Sostenibilità, gli eccessi della moda vanno in cenere nel deserto di Atacama

Dalla sommità del Cerro Dragon, spettacolare duna alta 200 metri che abbraccia la città di Iquique, nel nord del Cile, da un lato si vedono le navi cargo arrivare nel grande porto con i loro carichi di abiti usati provenienti da Europa, Asia e Stati Uniti, dall’altro gran parte della stessa merce bruciare fra le colline della vicina Alto Hospicio, colorando di grigio il deserto di Atacama.

Secondo l’Observatory of Economic Complexity, nel 2022 il Cile è stato il terzo importatore mondiale di abbigliamento di seconda mano dopo Pakistan e Emirati Arabi Uniti. Si stima che ogni anno almeno 60mila tonnellate di vestiti, scarpe e accessori usati o invenduti arrivino chiusi in balle nella zona franca di Iquique, dove duemila imprese specializzate sono pronte a selezionarle: la merce migliore è rivenduta come “vintage” in altri Paesi, la peggiore si deve smaltire. In questa ultima categoria, però, rientra ben il 70% del totale. E dal momento che non esiste legislazione nazionale adeguata per lo smaltimento e farlo costa troppo, le enormi quantità di merce destinata alla discarica sono affidate a persone che le trasportano fra le sabbie di Atacama e lì le bruciano, su un’area di circa 300 ettari le cui ceneri si vedono anche dalle foto scattate dai satelliti.

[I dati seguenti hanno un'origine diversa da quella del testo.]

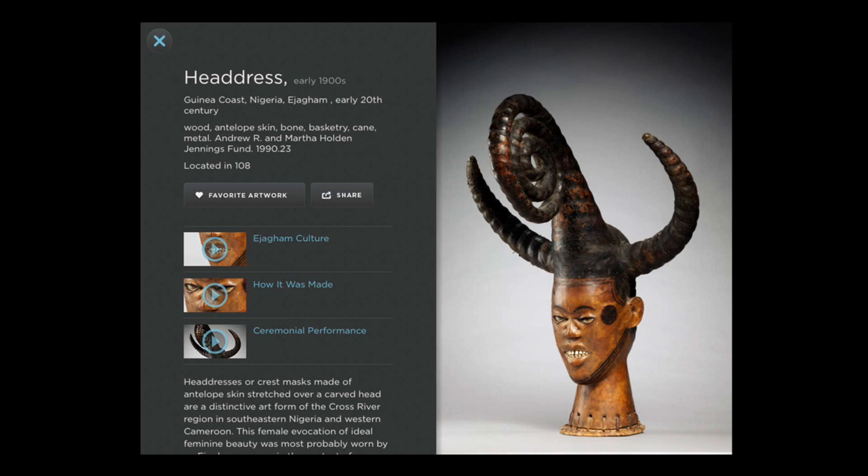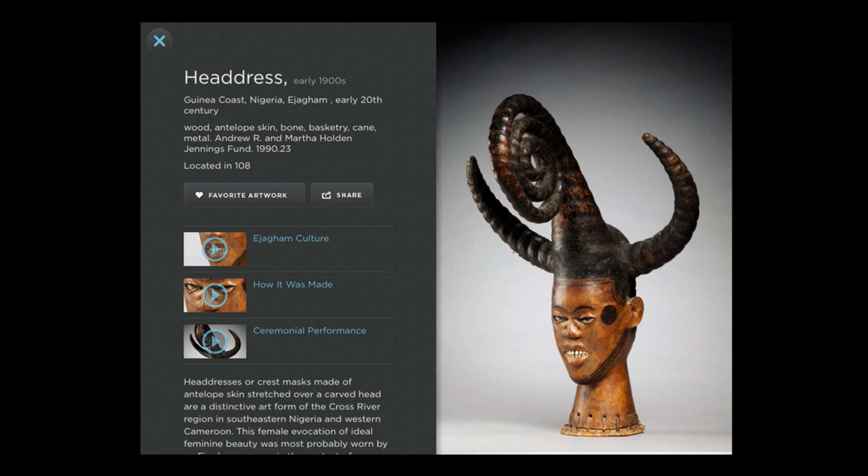We also try to bring in community members. For example, we have a mihrab — a prayer niche from our Islamic collection — and we interviewed the imam from a local mosque who talked about what a mihrab is and how it's used within a mosque. Part of this is subtly signaling to our visitors that there is more than one way to approach and appreciate the objects — that the label isn't the only right answer, and perhaps whatever way the visitor approaches it could also be a right answer.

In quella cenere, che veste una delle zone più povere del Paese, nonché una delle più fragili dal punto di vista ambientale, finisce l’iperproduzione dell’industria globale della moda. Non è un caso che il boom dell’importazione di moda usata in Cile sia avvenuto negli stessi anni dell’esplosione del fast fashion. Gli incendi nella zona di Alto Hospicio non sono controllati: nel giugno 2022 uno bruciò per tre giorni, alimentato da circa 100mila tonnellate di rifiuti, asfissiando i residenti che spesso vivono in condizioni miserevoli. I rifiuti sono composti in maggioranza da tessuti sintetici e rilasciano microplastiche che si accumulano pericolosamente nell’ambiente meno piovoso del pianeta. Una tragedia umana e ambientale alla quale un gruppo di attivisti della zona si sta ribellando, denunciando la situazione soprattutto tramite i social.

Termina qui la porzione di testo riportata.